TASK DESCRIPTION:
For every entry below, give it back exactly and leave out any image.

[Captioned web image data]
Segment Open

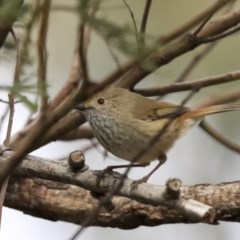 Acanthiza pusilla (Brown Thornbill) at Acton, ACT - 11 Aug 2020 by Alison Milton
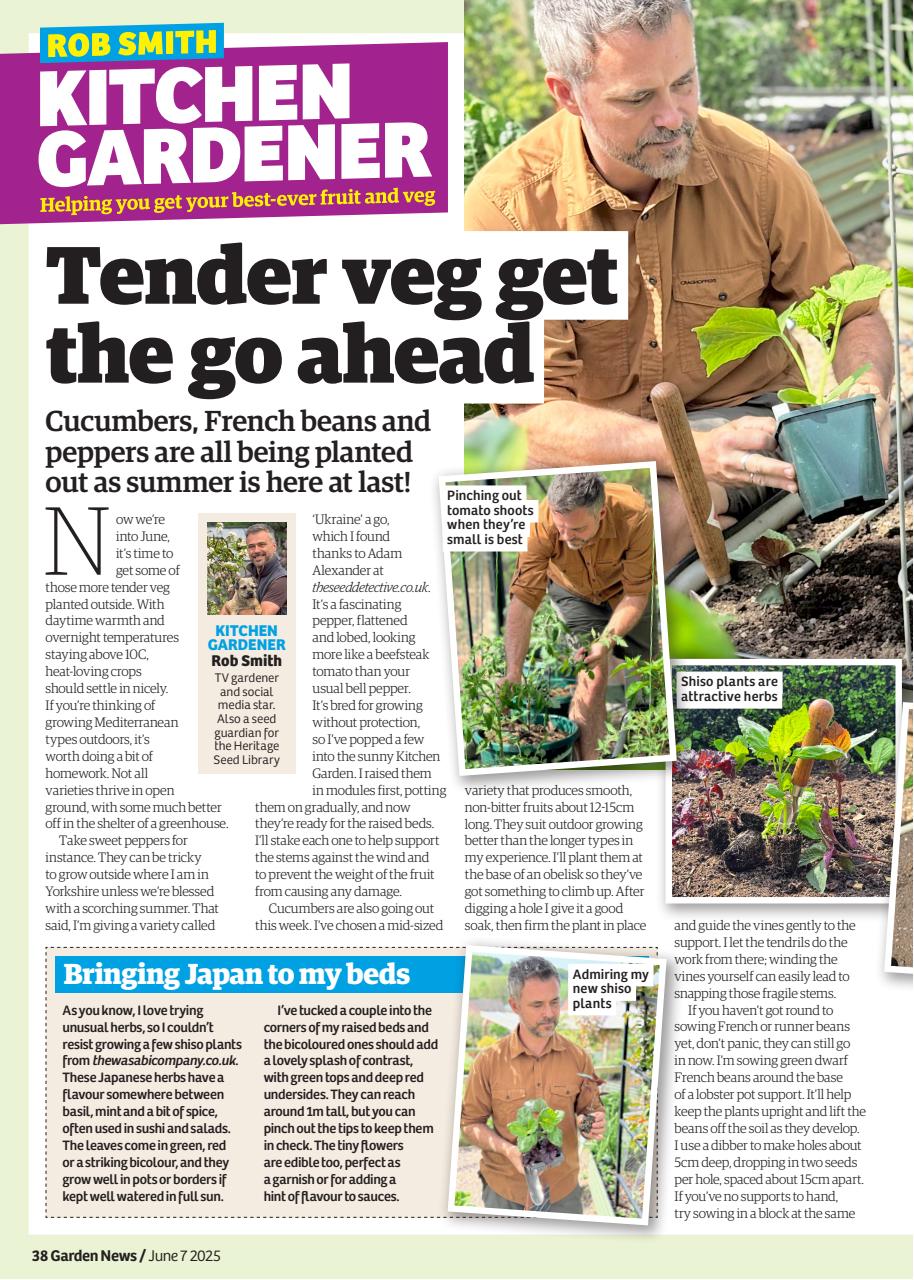 Garden News Preview Pages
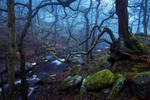Padley Gorge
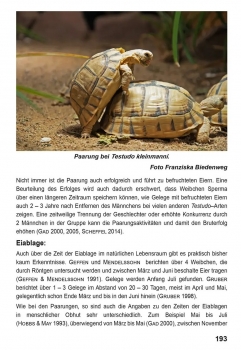 Die Ägyptische Landschildkröte Testudo kleinmanni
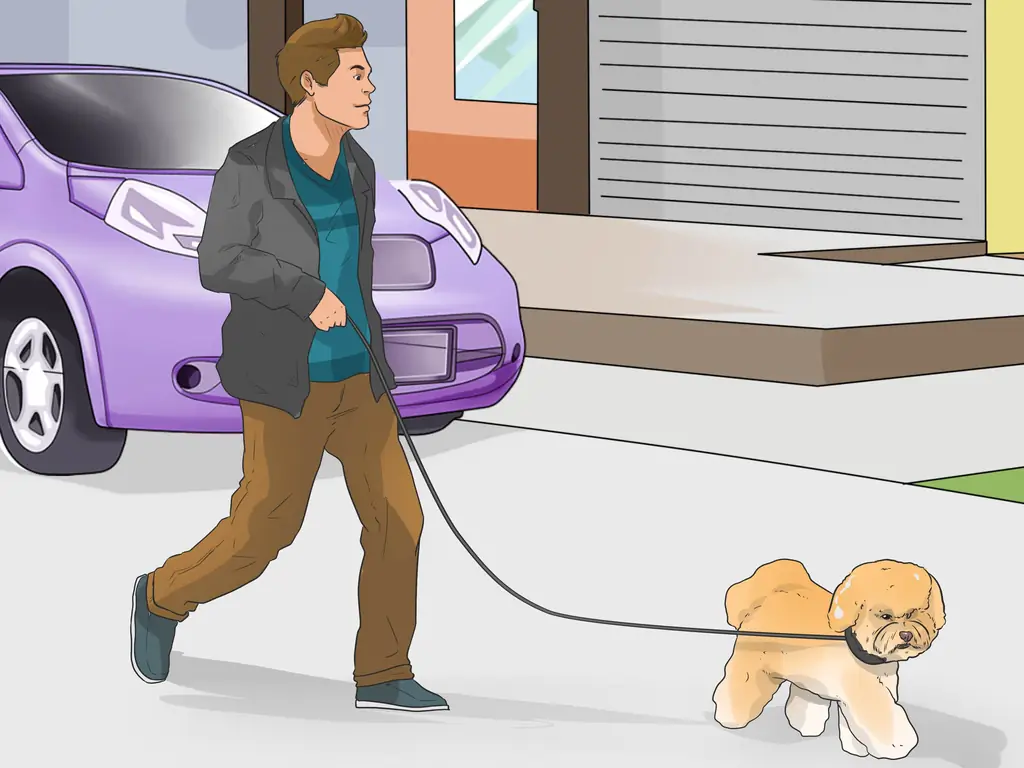 3 способа отличить бишон-фризе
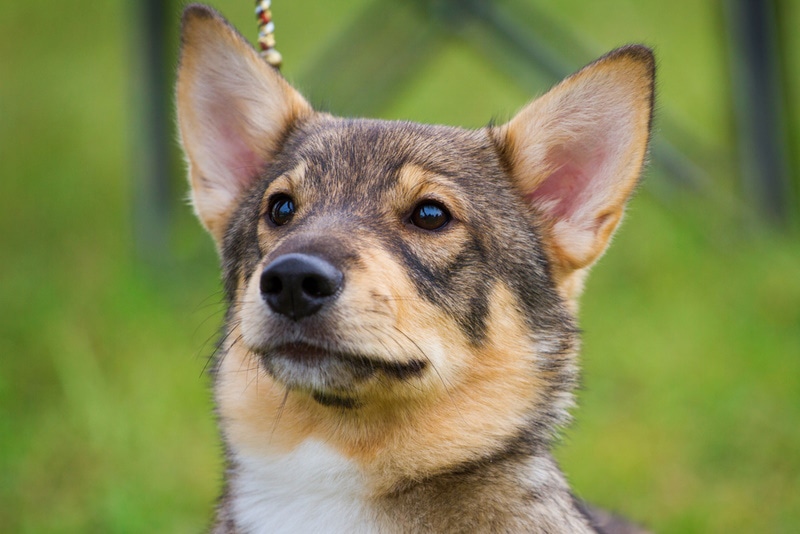 swedish vallhund dog close up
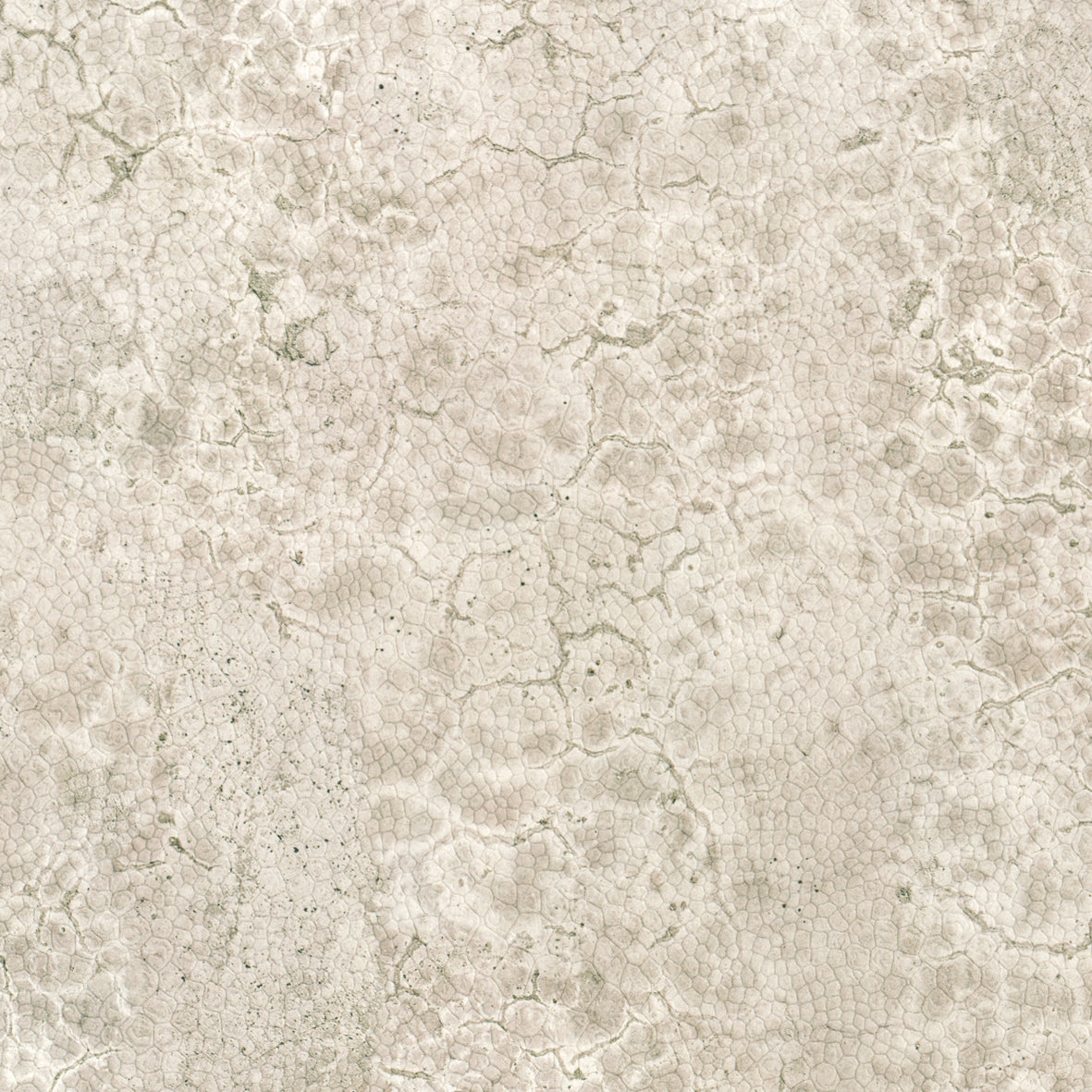 Nobilis Moon 22 Wallpaper Sample DPN22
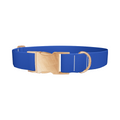 Blue Bonnet Color Dog Collar - Thumbnail 2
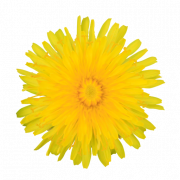 Descarga gratuita de Dandelion amarillo PNG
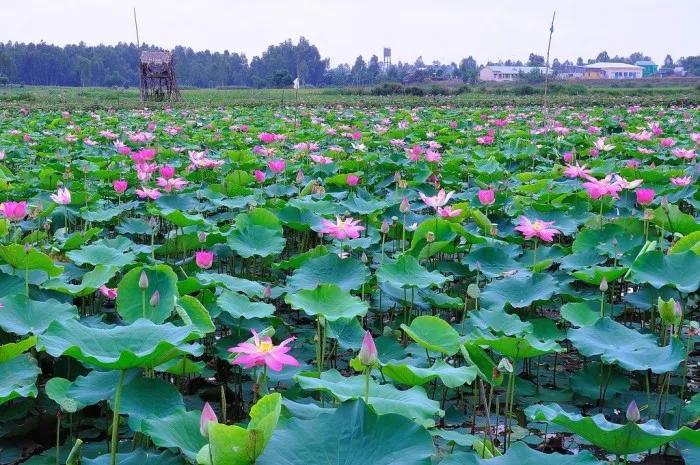 Top 6 Bài phân tích "Đồng Tháp Mười mùa nước nổi" (SGK Ngữ Văn 6 - Cánh Diều) ấn tượng nhất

Segment Closed

RESPONSE BOX:
 Acanthiza pusilla (Brown Thornbill) at Acton, ACT - 11 Aug 2020 by Alison Milton
 Garden News Preview Pages
Padley Gorge
 Die Ägyptische Landschildkröte Testudo kleinmanni
 3 способа отличить бишон-фризе
 swedish vallhund dog close up
 Nobilis Moon 22 Wallpaper Sample DPN22
 Blue Bonnet Color Dog Collar - Thumbnail 2
 Descarga gratuita de Dandelion amarillo PNG
 Top 6 Bài phân tích "Đồng Tháp Mười mùa nước nổi" (SGK Ngữ Văn 6 - Cánh Diều) ấn tượng nhất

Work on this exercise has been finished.